El poder del pensamiento y de las emociones es incuestionable. Ha sido tema de estudio de científicos, académicos y líderes espirituales. Por diversas vías, todos coinciden en que su impacto es contundente. Desde Darwin se ha reconocido que las emociones son fundamentales para que el ser humano se adapte a su ambiente, actúe y tome decisiones, a veces con mayor empuje que el que se consigue con la cognición o raciocinio.
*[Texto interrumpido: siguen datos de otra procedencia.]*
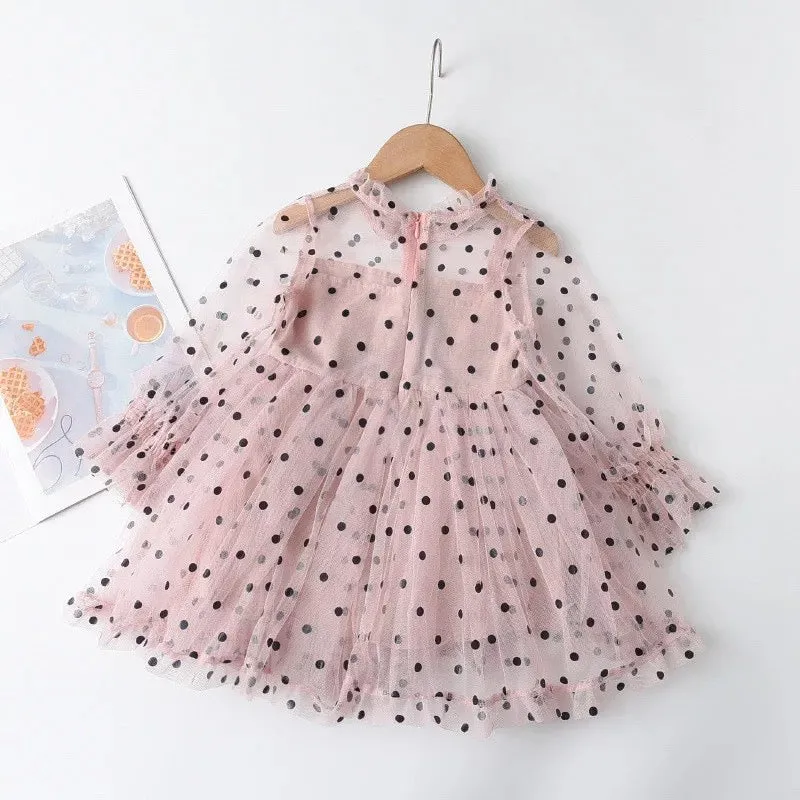 Sheer Sleeve Polka Dress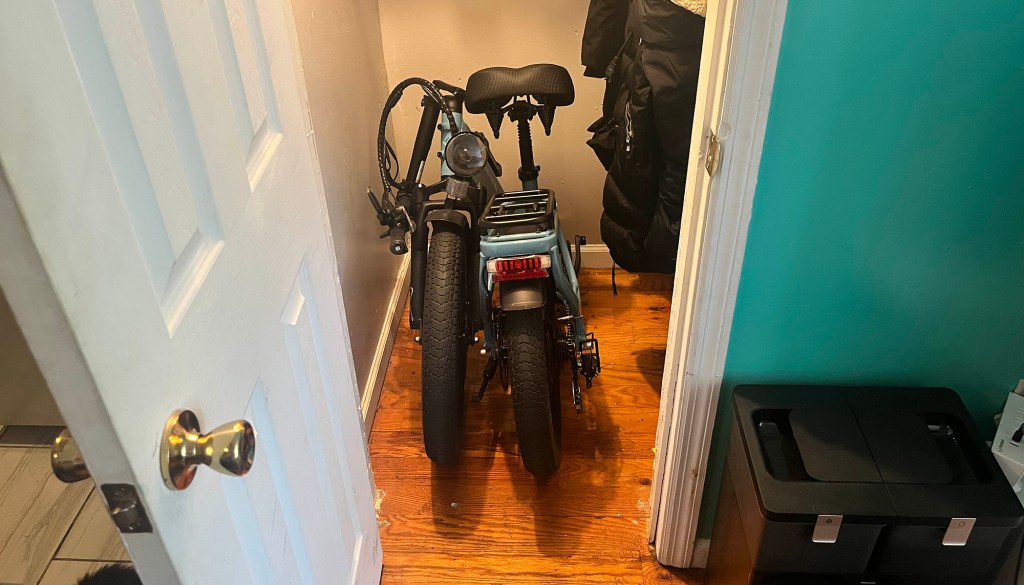 Lectric's XP4 750 e-bike folded inside closet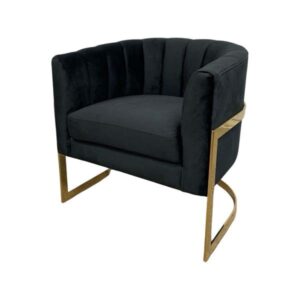 SS-615 | ROUND VELVET GOLD FRAME SINGLE CHAIR BLACK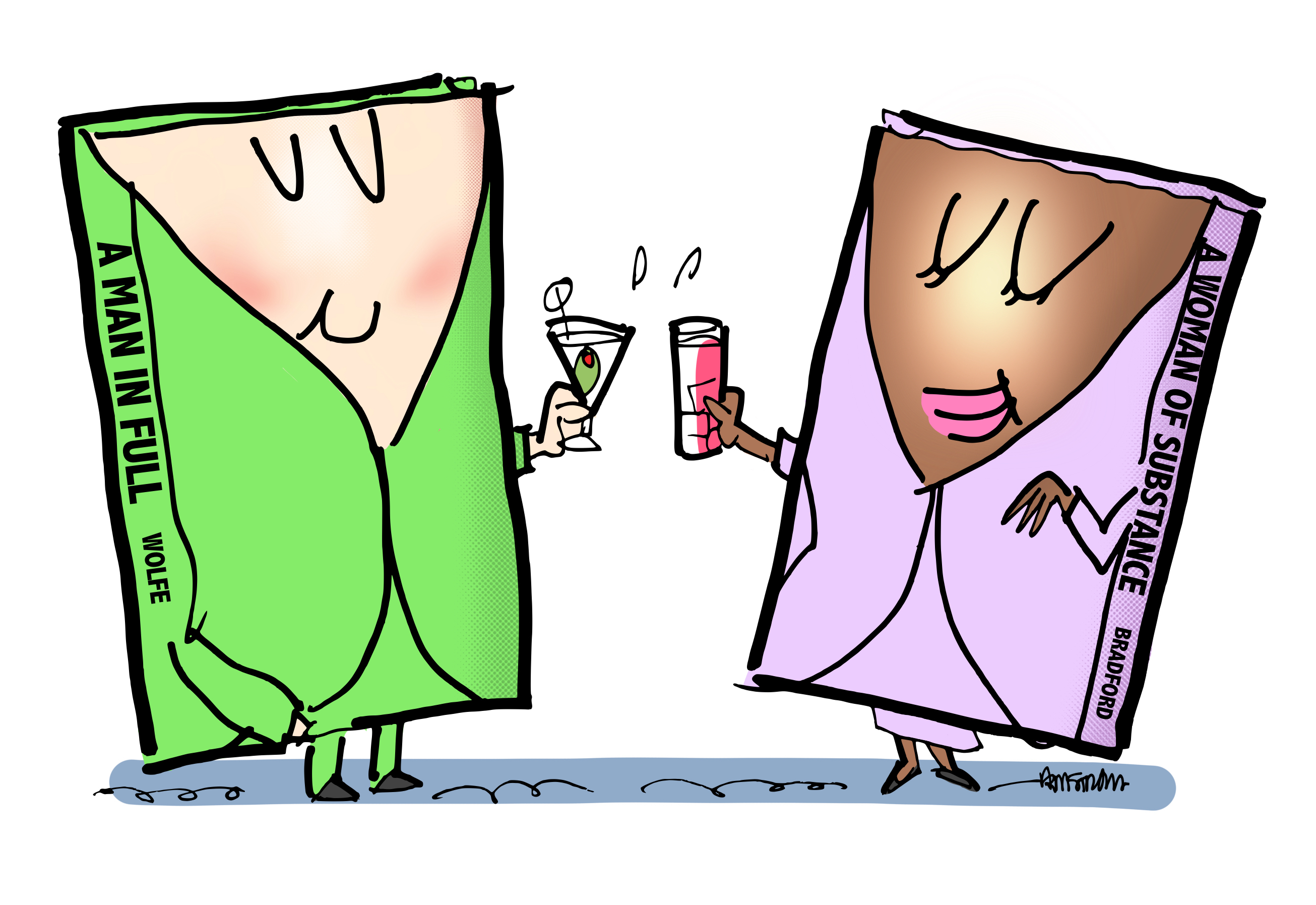 Two book cartoon characters, wearing bright and fancy book jackets, chatting at a cocktail party.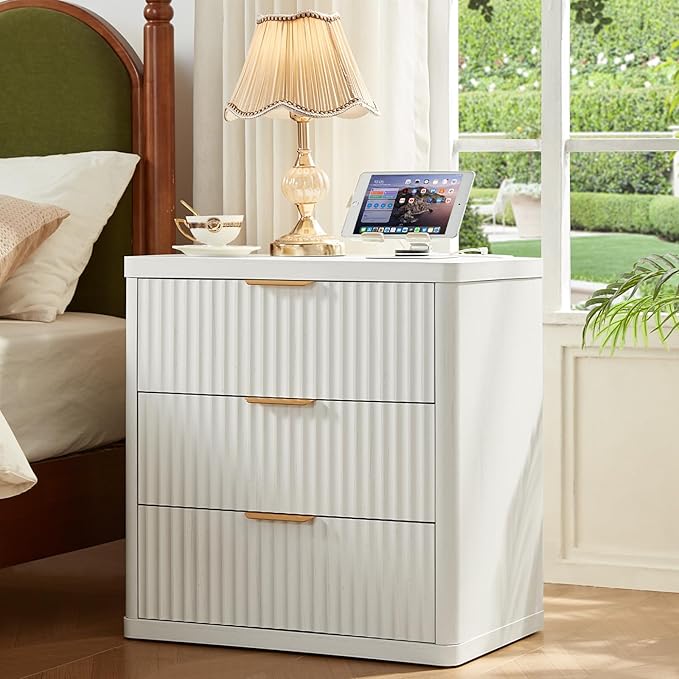LEYAOYAO 42" Tall Fluted Dresser and 3 Drawers 23" Nightstand Set of 2,Wooden Dresser & Night Stand with Charging Station,3 Piece Bedroom Furniture Set,Chest of Drawer for Living Room,Antique White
En México hay razones de sobra para las emociones dañinas. Quienes están en las posiciones de poder provocan que los ánimos se dirijan hacia el pesimismo; lo mismo que las impredecibles redes sociales en manos de agitadores y anarquistas anónimos. Como resultado, las pasiones, a menudo negativas, se desbordan y, como señala Daniel Goleman, con demasiada frecuencia nos vemos obligados a afrontar los retos que nos presenta el mundo posmoderno con recursos emocionales adaptados a las necesidades del antiguo pleistoceno.
Hemos caído en los abismos de confusión, mentiras, malas decisiones y soberbia de la élite que ostenta el poder. En este México incierto y malhumorado, el “sálvese quien pueda” predomina sobre cualquier bien común, y no sorprende que la sociedad actual se mueva entre la ansiedad, el pánico y la euforia -de atestiguar cómo crecen los vituperios hacia el Gobierno-, en una especie de surrealismo social.
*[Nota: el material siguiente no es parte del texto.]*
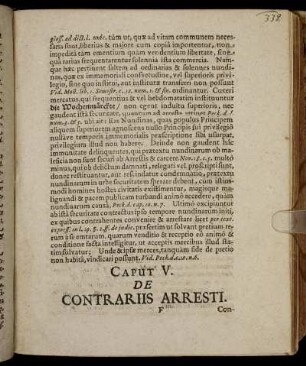 Caput V. De Contrariis Arresti.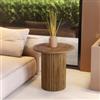 DEGHI Tavolino rotondo 50 cm con top in rattan e base in legno naturale cannettato - Khalid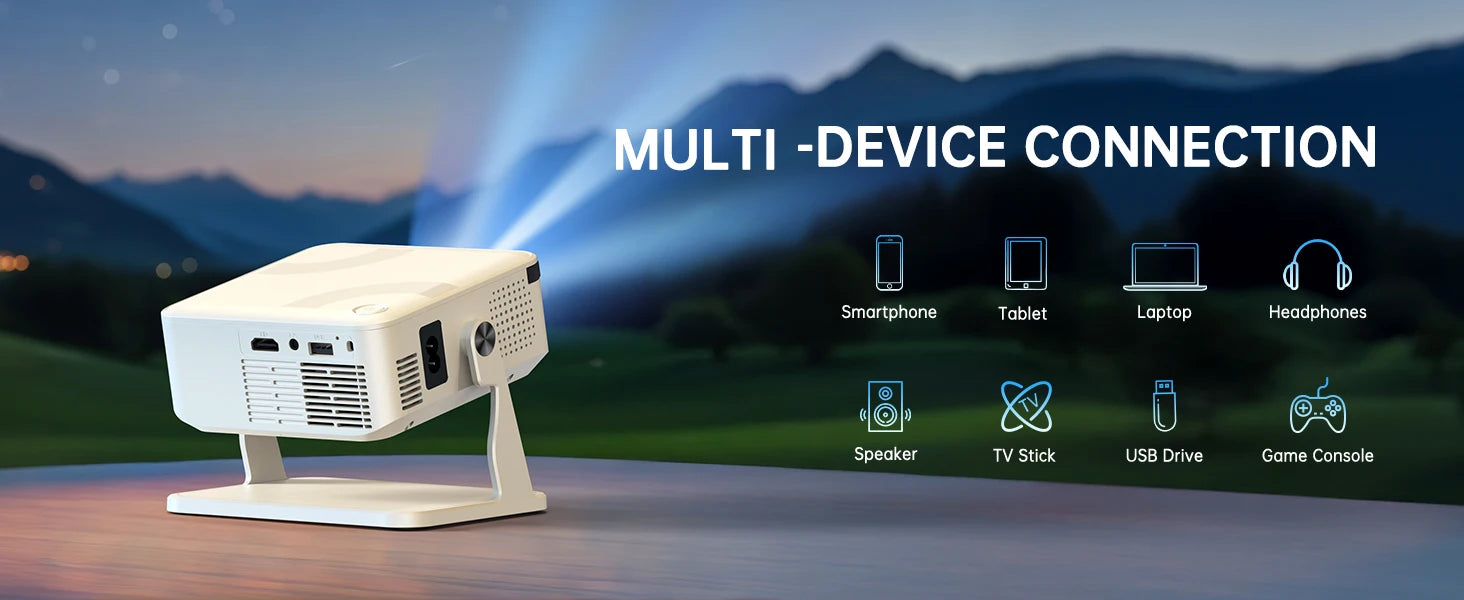 Portable 650ANSI Projector Native 1080P Android 11 Auto Focus & Keystone 4K 360° Rotate Wifi6 BT5.2 Airmouse Home Theater - Product Image 8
Lejos de asimilar optimismo con conformismo, y pesimismo con fatalismo, el profundo deterioro y los daños irreversibles al país nos obligan a adoptar una enorme dosis de “realismo” para dimensionar el contenido y alcances de los problemas en aras de intentar solucionarlos. Sin una visión de bien común, el Gobierno terminará de perfeccionar su inminente fracaso.
#MeDuelesMéxico
Jorge Alcocer expresó hace unos días en su columna de Reforma que “aunque no hay espacio para el optimismo, lo puede haber para moderar el pesimismo si Hacienda admite que la tarea más importante es revertir el deterioro de las finanzas públicas”. Cierto, un minuto de optimismo no cambiará el estado de la angustiosa situación, ni sorteará milagrosamente la crisis económica (las autoridades tienen su propia tarea), pero en momentos como este, de deterioros irreversibles y malas noticias, debemos desalentar la formación del caldo de cultivo del mal humor, el mal sentir y el mal actuar.
Toda actitud y sentimiento incide en nuestra forma de percibir y dibujar el porvenir. Hoy la voluntad política interna está paralizada, intentando justificar los males gracias a la situación externa inmodificable. A esos Poderes Ejecutivos -Federal y estatales en México-, les hace falta algunos heroicos Poderes Emocionales.